Look at Kansas State! The Wildcats went 1-4 in one-score Big 12 games with a turnover margin of +6! Nobody else in this group of 11 teams had a turnover margin better than +3. Making things worse, the Wildcats were outscored by six points in those five games, or 1.2 points per game. They had a 14-6 win over Oklahoma State and four losses of six points or fewer. I see those results, and I don't think Kansas State was unlucky. I think Kansas State shot itself in the foot and didn't execute.
But maybe that's where things turn around. Collin Klein has returned to Manhattan to take over the team, and it looks as though he's inheriting a team that was pretty good last year but was its own worst enemy too often. The Wildcats finished 6-6 overall and 5-4 in the Big 12, so all four of their conference losses were close. The same cannot be said of their wins, as the 'Cats beat UCF, TCU, Kansas, Oklahoma State and Colorado by an average of 14 points.
Based on the numbers we're looking at, there's an argument to be made that Auburn was the unluckiest team. It had a positive turnover margin in these games, but not to the ridiculous extent Kansas State did. The Tigers went 0-6 in these games, with their lone two-score conference loss being a 20-10 defeat at Georgia. So even that loss was close.

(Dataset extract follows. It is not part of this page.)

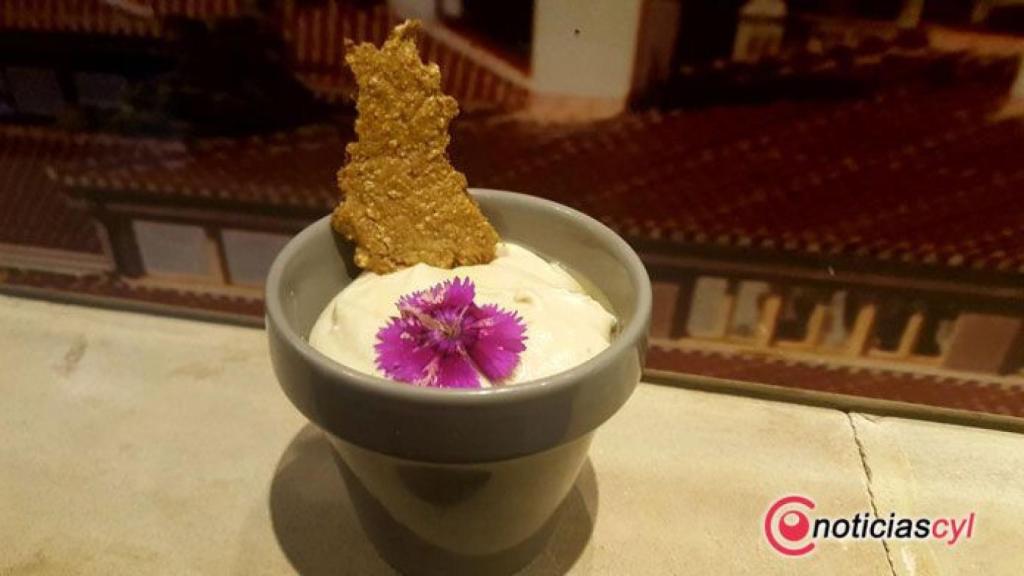 yogur-de-boletus-para-Busca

However, I don't think this was about luck as much as I think it was about a horrific offense. The reason Auburn was in so many close games last year was its phenomenal defense, which kept games close. At the same time, there was the wild 45-38 overtime loss to Vanderbilt, but the Tigers' defense didn't allow more than 27 points in any other SEC game. The offense just couldn't score any damn points of its own to win these games. That's why Alex Golesh is in charge now. So if the Tigers do rebound in 2026 and improve upon their 1-7 mark in the SEC, it'll likely be due to an improved offense, not the luck evening out.
Sticking in the SEC, I want to touch on Arkansas, but for entirely different reasons. I mentioned earlier in this story that luck tends to even out for teams over time. Well, there are exceptions, and Arkansas is one of them.
In the College Football Playoff era (since 2014), 44 of Arkansas's 98 SEC games have been one-score games. The Hogs are 10-34 in those games. That .227 win percentage is the worst of any team in the country in that time by a country mile. The next worst is East Carolina at .286 (8-20), followed by Nebraska at .298 (17-40).
For Arkansas fans, close games are nothing but heartbreak. The good news is that if luck truly does even out for everybody in the long run, there's a national title run in Arkansas' future, with the Hogs going 15-0 and outscoring opponents by 20 points combined.